■ **About this exercise**:
Reproduce the lines below exactly, starting at the one containing "this 300×226 image." and stopping at the final line.

*** Opening of Source information ***

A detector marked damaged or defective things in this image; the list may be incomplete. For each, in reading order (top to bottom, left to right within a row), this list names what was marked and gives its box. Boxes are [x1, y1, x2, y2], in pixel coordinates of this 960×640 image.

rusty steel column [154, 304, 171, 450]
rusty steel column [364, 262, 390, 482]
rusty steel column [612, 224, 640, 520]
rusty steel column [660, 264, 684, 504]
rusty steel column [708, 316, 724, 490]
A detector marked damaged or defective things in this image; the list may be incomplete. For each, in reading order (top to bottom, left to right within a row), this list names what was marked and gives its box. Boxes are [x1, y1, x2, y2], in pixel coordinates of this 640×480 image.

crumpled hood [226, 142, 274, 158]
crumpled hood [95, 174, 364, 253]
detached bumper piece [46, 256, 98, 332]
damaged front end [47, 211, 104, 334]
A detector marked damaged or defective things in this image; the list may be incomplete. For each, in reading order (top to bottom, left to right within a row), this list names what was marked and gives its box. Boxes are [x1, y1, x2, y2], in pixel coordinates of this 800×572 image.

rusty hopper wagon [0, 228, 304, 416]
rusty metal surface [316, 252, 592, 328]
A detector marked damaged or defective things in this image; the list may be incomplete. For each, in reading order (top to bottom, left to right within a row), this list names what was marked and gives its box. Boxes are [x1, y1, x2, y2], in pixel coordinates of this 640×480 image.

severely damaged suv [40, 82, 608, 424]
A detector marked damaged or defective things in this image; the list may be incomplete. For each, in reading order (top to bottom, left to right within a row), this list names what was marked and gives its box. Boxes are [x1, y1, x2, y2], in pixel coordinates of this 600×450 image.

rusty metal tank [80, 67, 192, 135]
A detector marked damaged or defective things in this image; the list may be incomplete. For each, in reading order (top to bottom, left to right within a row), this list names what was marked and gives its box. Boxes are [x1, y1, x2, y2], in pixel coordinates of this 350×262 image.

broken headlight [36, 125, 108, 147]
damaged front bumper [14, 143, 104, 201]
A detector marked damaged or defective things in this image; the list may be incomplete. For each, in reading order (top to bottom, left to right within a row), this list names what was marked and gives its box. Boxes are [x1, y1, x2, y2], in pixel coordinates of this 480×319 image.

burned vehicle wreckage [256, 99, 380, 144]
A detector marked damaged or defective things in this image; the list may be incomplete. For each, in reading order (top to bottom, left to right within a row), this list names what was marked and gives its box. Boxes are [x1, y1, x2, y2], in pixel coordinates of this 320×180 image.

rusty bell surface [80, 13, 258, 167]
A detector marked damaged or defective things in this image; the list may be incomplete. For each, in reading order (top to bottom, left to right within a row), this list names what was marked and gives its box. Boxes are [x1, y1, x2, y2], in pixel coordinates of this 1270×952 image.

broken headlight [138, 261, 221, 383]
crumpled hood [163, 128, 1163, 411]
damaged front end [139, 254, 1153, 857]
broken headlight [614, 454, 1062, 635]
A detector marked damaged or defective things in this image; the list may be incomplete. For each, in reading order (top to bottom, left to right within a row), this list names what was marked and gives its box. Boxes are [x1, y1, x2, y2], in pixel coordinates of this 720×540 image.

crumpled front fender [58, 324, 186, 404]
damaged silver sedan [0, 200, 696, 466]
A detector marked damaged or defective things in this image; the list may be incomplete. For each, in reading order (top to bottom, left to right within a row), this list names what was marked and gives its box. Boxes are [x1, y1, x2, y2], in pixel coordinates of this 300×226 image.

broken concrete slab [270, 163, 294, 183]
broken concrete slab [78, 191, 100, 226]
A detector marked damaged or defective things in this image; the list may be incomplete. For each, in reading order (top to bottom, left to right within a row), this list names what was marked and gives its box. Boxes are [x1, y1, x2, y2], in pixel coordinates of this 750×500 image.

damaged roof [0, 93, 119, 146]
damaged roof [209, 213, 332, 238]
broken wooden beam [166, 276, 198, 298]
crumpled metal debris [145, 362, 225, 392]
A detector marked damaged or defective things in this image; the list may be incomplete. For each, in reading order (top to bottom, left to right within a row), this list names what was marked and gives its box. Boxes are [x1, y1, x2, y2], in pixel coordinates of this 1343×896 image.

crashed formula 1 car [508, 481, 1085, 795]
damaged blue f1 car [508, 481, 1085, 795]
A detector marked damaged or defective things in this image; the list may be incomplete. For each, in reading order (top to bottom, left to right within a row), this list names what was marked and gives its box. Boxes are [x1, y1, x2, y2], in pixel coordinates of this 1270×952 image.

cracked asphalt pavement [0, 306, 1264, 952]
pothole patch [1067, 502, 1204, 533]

*** Close of Source information ***

■ **Solution**:
A detector marked damaged or defective things in this image; the list may be incomplete. For each, in reading order (top to bottom, left to right within a row), this list names what was marked and gives its box. Boxes are [x1, y1, x2, y2], in pixel coordinates of this 300×226 image.

broken concrete slab [270, 163, 294, 183]
broken concrete slab [78, 191, 100, 226]
A detector marked damaged or defective things in this image; the list may be incomplete. For each, in reading order (top to bottom, left to right within a row), this list names what was marked and gives its box. Boxes are [x1, y1, x2, y2], in pixel coordinates of this 750×500 image.

damaged roof [0, 93, 119, 146]
damaged roof [209, 213, 332, 238]
broken wooden beam [166, 276, 198, 298]
crumpled metal debris [145, 362, 225, 392]
A detector marked damaged or defective things in this image; the list may be incomplete. For each, in reading order (top to bottom, left to right within a row), this list names what was marked and gives its box. Boxes are [x1, y1, x2, y2], in pixel coordinates of this 1343×896 image.

crashed formula 1 car [508, 481, 1085, 795]
damaged blue f1 car [508, 481, 1085, 795]
A detector marked damaged or defective things in this image; the list may be incomplete. For each, in reading order (top to bottom, left to right within a row), this list names what was marked and gives its box. Boxes are [x1, y1, x2, y2], in pixel coordinates of this 1270×952 image.

cracked asphalt pavement [0, 306, 1264, 952]
pothole patch [1067, 502, 1204, 533]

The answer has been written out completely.